WHEREAS, the respective Boards of Directors of the Companies deem it
advisable and in the best interests of their respective shareholders that LSC be
acquired by and become a wholly owned subsidiary of HBOA, and in furtherance
thereof, the Boards of Directors of the Companies have approved the merger of a
Florida corporation (to be formed as a wholly owned subsidiary of HBOA
("Acquisition Sub")) with and into LSC, upon the terms and subject to the
conditions set forth herein; and
WHEREAS, the Parties intend that this Agreement constitute a "plan of
reorganization" and that such plan qualify as a reorganization within the
meaning of Section 368(a) of the Internal Revenue Code of 1986, as amended (the
"Code"), as a reverse triangular merger under Code Sections 368(a)(1)(A) and
368(a)(2)(E), and provide for the representations, warranties, agreements and
conditions applicable to the Merger.
NOW, THEREFORE, in consideration of the foregoing and the respective
representations, warranties, covenants, and agreements set forth herein, the
Parties hereto agree as follows:
ARTICLE I
THE MERGER
1.1 The Merger. Subject to the terms and conditions of this Agreement,
at the Effective Time (as defined in Section 1.2 hereof), Acquisition Sub shall
be merged with and into LSC (the "Merger"), with LSC being the surviving
corporation in the Merger (the "Surviving Corporation") and the separate
existence of Acquisition Sub shall thereupon cease. The name of the Surviving
Corporation will be LexSys Corporation or any other name agreed upon by the
parties hereto. The Merger shall have the effects set forth in the Florida
Business Corporation Act (the "FBCA").
1.2 Effective Time of the Merger. The Merger shall become effective
(the "Effective Time") upon the completion of the filing of properly executed
Articles of Merger with the Secretary of State of the State of Florida, which
filing shall be made at the Closing which shall take place after satisfaction of
the conditions set forth in Article VIII.
1.3 Merger Consideration. At the Effective Time, by virtue of the
Merger and without any action on the part of any holder of capital stock of LSC,
HBOA or Acquisition Sub, the shares of common stock of LSC (the "LSC Share(s)")

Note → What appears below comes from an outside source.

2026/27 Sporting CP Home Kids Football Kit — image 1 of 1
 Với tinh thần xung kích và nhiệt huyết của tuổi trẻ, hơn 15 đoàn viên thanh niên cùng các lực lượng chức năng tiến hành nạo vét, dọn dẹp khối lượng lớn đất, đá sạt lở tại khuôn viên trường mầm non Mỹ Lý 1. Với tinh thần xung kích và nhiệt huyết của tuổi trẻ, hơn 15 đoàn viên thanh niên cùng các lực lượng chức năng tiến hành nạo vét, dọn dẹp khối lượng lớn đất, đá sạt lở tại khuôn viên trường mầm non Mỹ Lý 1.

issued and outstanding immediately prior to the Effective Time, shall be
exchangeable for and converted at the Effective Time into the right to receive
in the aggregate (i) 1,000,000 validly issued, fully paid and non-assessable
shares of restricted common stock of HBOA (the "HBOA Shares") and (ii) warrants
("Warrants") to purchase 1,000,000 shares of HBOA's common stock. The HBOA
Shares and Warrants will be issued at the Closing. The exercise price of the
Warrants will be 110% of the Company's average trading price during the 30 day
period prior to the Closing Date. The average trading price will be determined
by averaging the high and low bid prices during the thirty days preceding the
Closing Date. The Warrants will be immediately exercisable and will expire three
years after the Closing Date.
1.4 Escrow of Shares of the Principals. Robert Cox and Charles Taylor
each agree that they will each place 250,000 shares of HBOA's common stock (the
"Escrowed Shares), an aggregate of 500,000 share of HBOA's common stock in
escrow, pursuant to the terms and conditions of certain escrow agreements. Cox
and Taylor agree that the Escrowed Shares will not be released from escrow if
either one of them leaves the Surviving Corporation prior to the one (1) year
period after the Closing Date.
<PAGE>
1.5 Funding of LexSys and Liabilities. LSC and its shareholders have
represented and warranted that their liabilities do not exceed $150,000 and
these liabilities and the creditors are listed on Schedule 3.6 attached hereto.
Within one hundred twenty (120) days after the Closing, HBOA has agreed that it
will pay these liabilities on behalf of LexSys.